Но, затронув поступление в консерваторию, необходимо сказать еще несколько слов о ее ректоре, которому я обязан. Я уже говорил, что Пшибышевский очень содействовал моему поступлению. К сожалению, он скончался как раз в том году, когда я был на первом курсе. Как сейчас помню его проводы. Они были в Малом зале Консерватории. Все действительно его очень любили. Вышел на сцену петь какую-то похоронную песню Назарий Григорьевич Райский, тот самый, о котором я упоминал. Он уж в то время не выступал. Пел он зычно, с трясущейся бородой, почти полностью уже потеряв голос, и надо же, чтобы в этот момент я стоял в почетном карауле у гроба. И когда вот так запел Райский, я сам чуть не умер. Это было настолько смешно, но нельзя же было смеяться в этот момент… До сих пор припоминаю свои ощущения — как это можно было вынести…
…Но началась серьезная учеба. Хайкин вел класс очень хорошо. Он очень часто переносил занятия в Большой зал Консерватории, так делал и Гаук тоже. Это было время дирижерского расцвета. Сильнейшие дирижеры приезжали в Советский Союз. Мало того, Хайкин, пользуясь своим личным знакомством с некоторыми дирижерами, устраивал их семинары в нашем классе. Так, я помню посещение Коутса. Коутс жил в «Метрополе», там у него было пианино, Хайкин привел к нему свой класс. Он попросил, чтобы я продирижировал Коутсу вторую часть «Шехеразады». Как сейчас помню, Коутс показал мне два приема. Первый — как нужно прекращать звучание оркестра, чтобы наступала пауза, хотя она и не написана. Он так волево показал, остановив руку, что продолжать играть действительно было невозможно. А второй прием он показал вроде кунстштюка. Он попросил играть увертюру «Кармен», начал дирижировать сначала на два, потом на раз, потом через такт, потом через два такта, потом один взмах на четыре такта.

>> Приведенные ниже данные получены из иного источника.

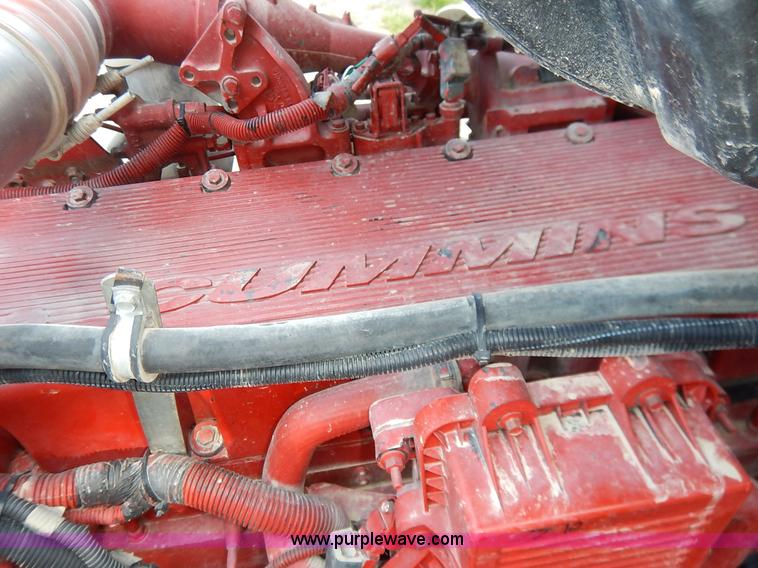 image for item K1530 2008 Peterbilt 384 semi truck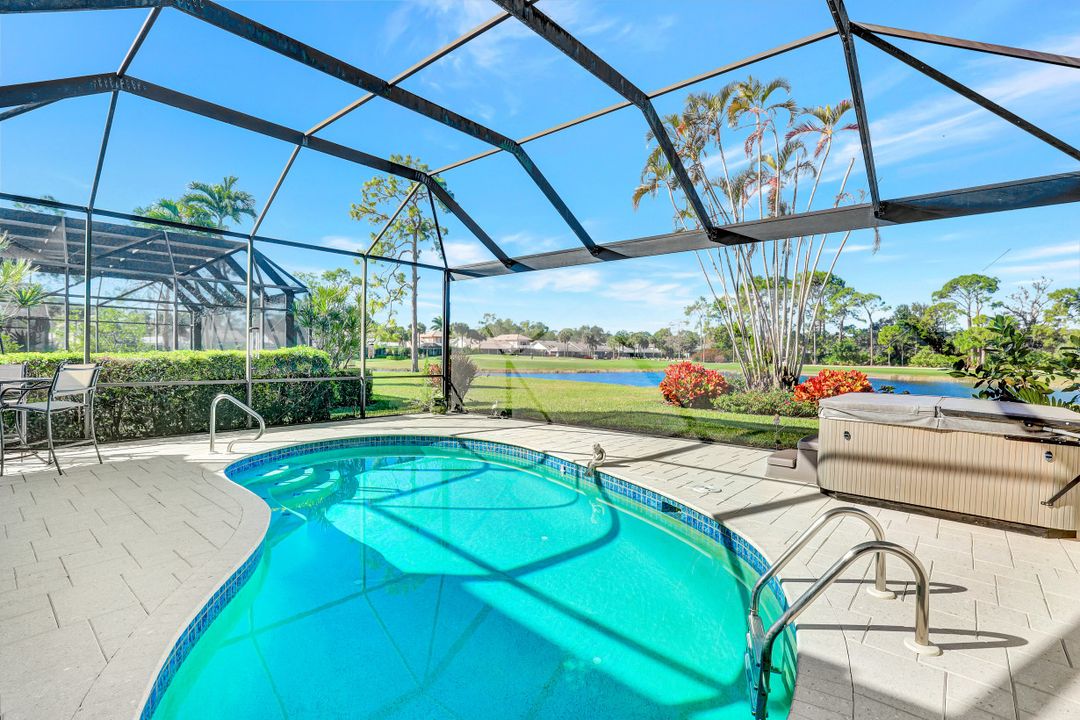 242 Edgemere Way E, Naples, FL 34105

Причем не просто отбивал, а именно дирижировал, вел музыку. Коутс обладал великолепной техникой, хотя сам он особенно глубоким музыкантом не был. Он много лет работал в Мариинском театре, поэтому блестяще говорил по-русски. В то время он уже жил в Англии. В Москве в это время русские дирижеры работали в основном в опере, а симфоническими оркестрами руководили приглашенные иностранцы. До 1937 года именно иностранцы были главными дирижерами. В Ленинграде главным дирижером был Штидри. В Москве радиооркестром руководил Себастьян, а Московской филармонией — Сенкар. Московские дирижеры проводили еще и какие-то циклы лекций, семинаров со студентами-дирижерами консерватории. Помню, как я у Сенкара дирижировал что-то на фортепьянном занятии. Помню также, как Себастьян, получив оркестр, проводил занятия по ми-бемоль-мажорной симфонии Моцарта, которую я знал тогда еще очень приблизительно. Вдруг он ткнул в меня пальцем — идите дирижируйте вторую часть. И я по детской самоуверенности пошел и довольно недурно продирижировал вторую часть, чем обратил на себя внимание Себастьяна…

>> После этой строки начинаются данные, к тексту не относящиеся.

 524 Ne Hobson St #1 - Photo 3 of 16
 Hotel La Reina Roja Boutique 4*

В это время в консерватории только начала организовываться оперная студия. Помещения она тогда еще не имела, а спектакли шли в БЗК. Причем снималось там несколько рядов партера, чтобы посадить оркестр. Первыми спектаклями были «Свадьба Фигаро» и «Русалка». «Фигаро» ставил Мелик-Пашаев, а «Русалку» — Столяров. У них работали ассистенты. «Свадьбу» вел Костя Иванов, тогда студент третьего курса. Я учился только на первом или на втором, а Иванов старше меня лет на восемь. Для дирижера я был непозволительно молод. Все мои сверстники-однокашники были на девять-десять лет старше меня. Все они окончили консерваторию как пианисты. На «Свадьбе Фигаро» я сидел на самой авансцене и суфлировал. Причем было несколько составов, и каждый состав пел несколько вариантов текста. Я все это довольно быстро выучил, знал — кому что нужно подавать и в конце уже суфлировал без клавира. Так что «Свадьба Фигаро» — это спектакль из моцартовских самый мой любимый. Когда я дирижирую или слушаю «Свадьбу», то передо мной встают мои юношеские годы и мое суфлирование. Ведь суфлер в опере не только подаватель, так сказать, текста, он и ошибки исправляет, он и организатор ансамблей. Эта была хорошая школа.